### Problem description
Reproduce all of the entries character for character, while leaving out any pictures they contain.

### Exercise data
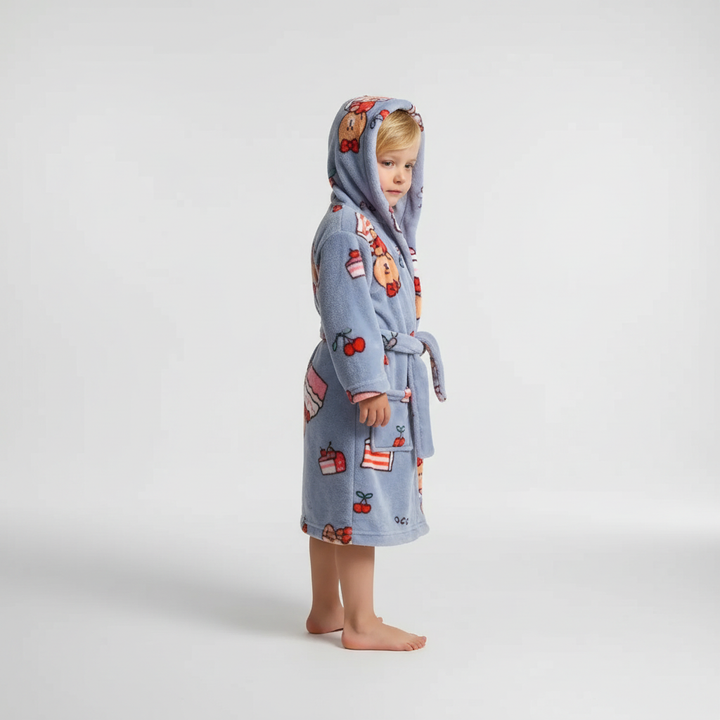 Soft Coral Fleece Kids Robe with Hood - Cozy Warmth for Boys and Girls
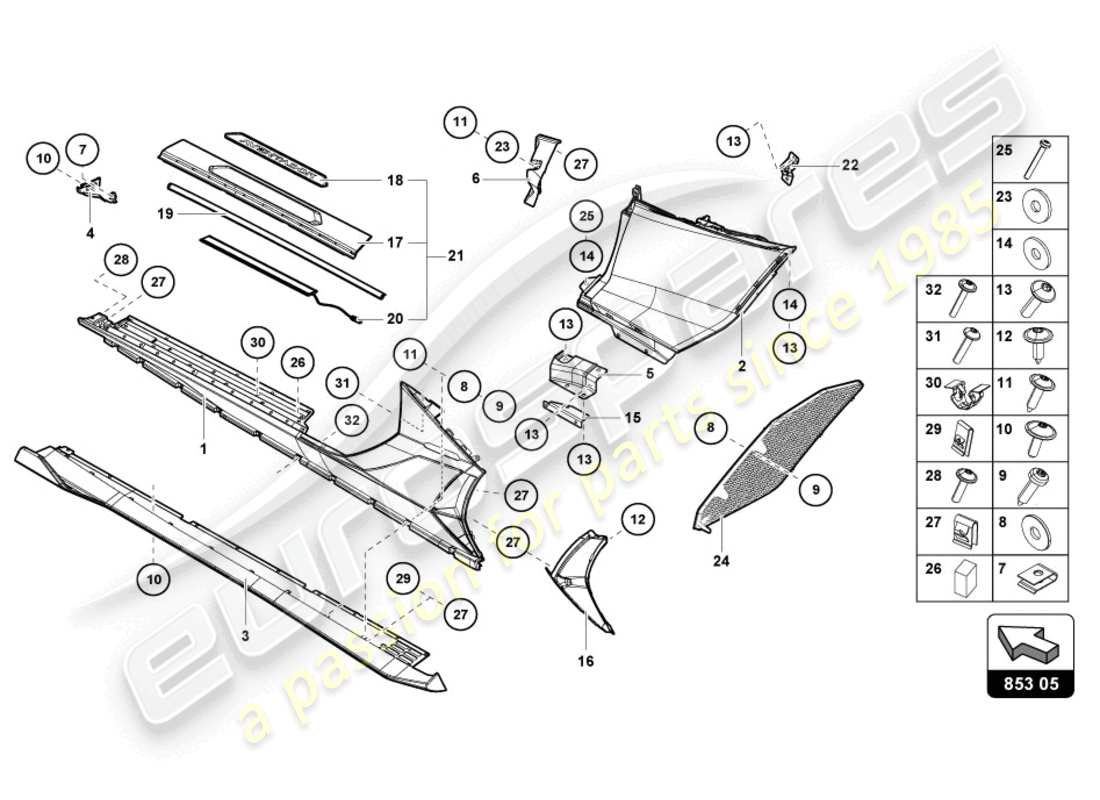 lamborghini lp770-4 svj coupe (2021) lato esterno inferiore per passaruota schema parte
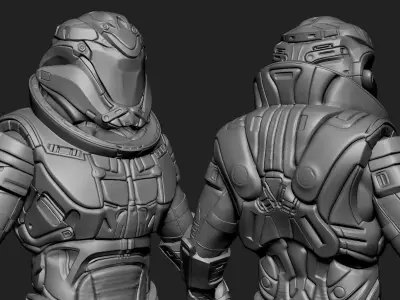 Sci-Fi Armor 7 Sculpt 3D model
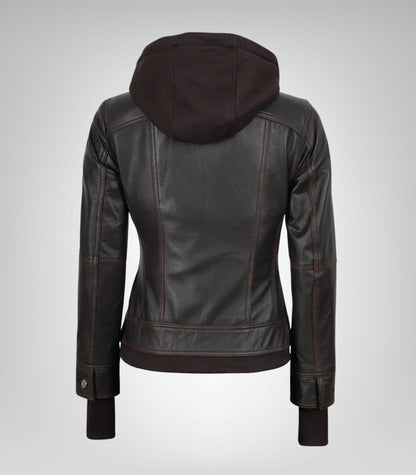 Women’s Genuine Leather Brown Bomber Jacket with Detachable Hood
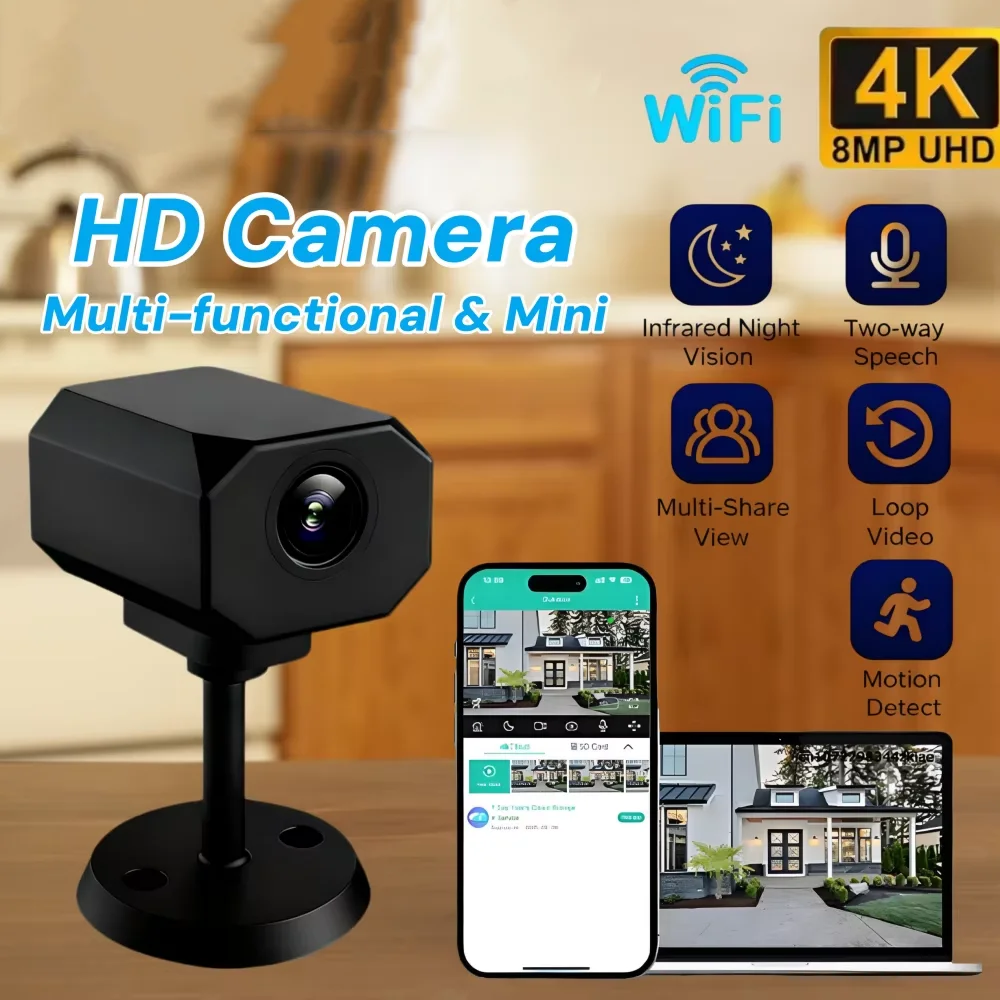 4K HD WiFi Security Camera for Home Mini Smart Indoor IP Surveillance with APP Remote Monitoring Portable Design 2026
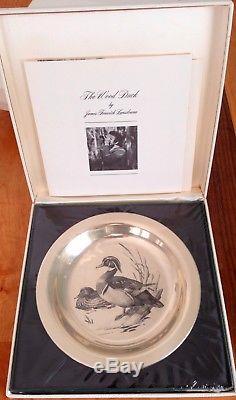 Set of 4 Franklin Mint Sterling Silver Bird Plates Sealed n White Cases COA 1972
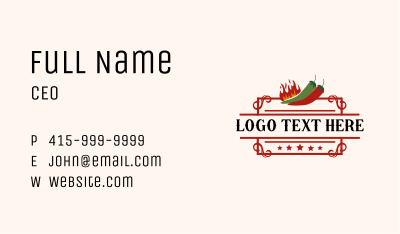 Spicy Fire Chili Peppers Business Card Image Preview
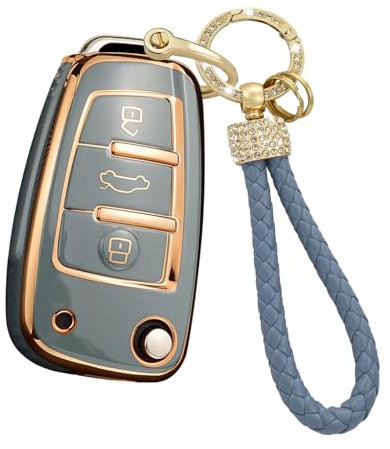 KUNIO Schlüsselhülle Passt für Audi A1 A3 8V A4 A6 Q2 Q3 TT TTS RS RS3 S3 Sline Schutz TPU Schlüsselcover für Klappschlüssel Bling Schlüsselanhänger 3 Tasten Grau
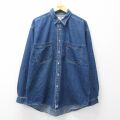 XL★古着 リーバイス Levis 長袖 ブランド シャツ メンズ 00年代 00s 大きいサイズ ロング丈 コットン 紺 デニム 26apr14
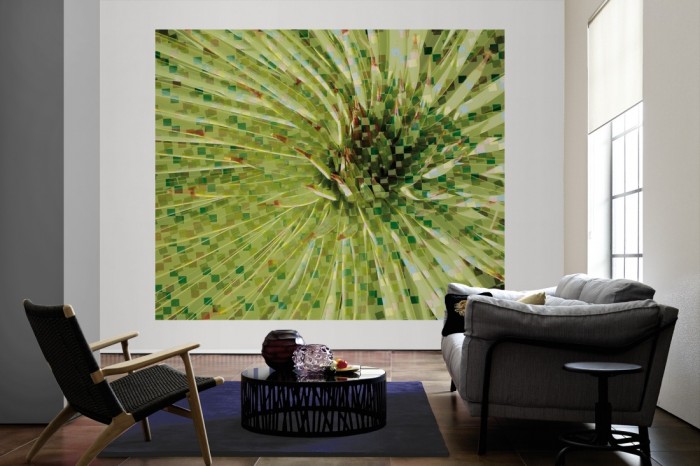 Die Design-Fototapete 3D-Geometrie Blumen Blüte als große Bildtapete im Wohnzimmer. Als Bildtapete ist die Design-Fototapete 3D-Geometrie Blumen Blüte ein besonderes Highlight auf Vliestapete.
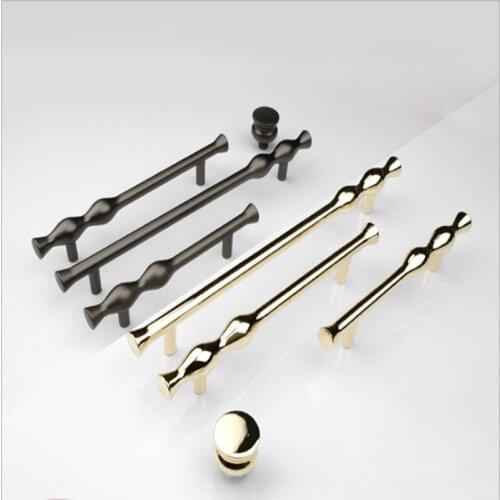 Modern Door Handles For Interior Doors Zinc Alloy Wardrobe Cupboard Pull Handle Knobs European Fashion Furniture Handle Hardware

### Response
 Soft Coral Fleece Kids Robe with Hood - Cozy Warmth for Boys and Girls
 lamborghini lp770-4 svj coupe (2021) lato esterno inferiore per passaruota schema parte
 Sci-Fi Armor 7 Sculpt 3D model
 Women’s Genuine Leather Brown Bomber Jacket with Detachable Hood
 4K HD WiFi Security Camera for Home Mini Smart Indoor IP Surveillance with APP Remote Monitoring Portable Design 2026
 Set of 4 Franklin Mint Sterling Silver Bird Plates Sealed n White Cases COA 1972
 Spicy Fire Chili Peppers Business Card Image Preview
 KUNIO Schlüsselhülle Passt für Audi A1 A3 8V A4 A6 Q2 Q3 TT TTS RS RS3 S3 Sline Schutz TPU Schlüsselcover für Klappschlüssel Bling Schlüsselanhänger 3 Tasten Grau
 XL★古着 リーバイス Levis 長袖 ブランド シャツ メンズ 00年代 00s 大きいサイズ ロング丈 コットン 紺 デニム 26apr14
 Die Design-Fototapete 3D-Geometrie Blumen Blüte als große Bildtapete im Wohnzimmer. Als Bildtapete ist die Design-Fototapete 3D-Geometrie Blumen Blüte ein besonderes Highlight auf Vliestapete.
 Modern Door Handles For Interior Doors Zinc Alloy Wardrobe Cupboard Pull Handle Knobs European Fashion Furniture Handle Hardware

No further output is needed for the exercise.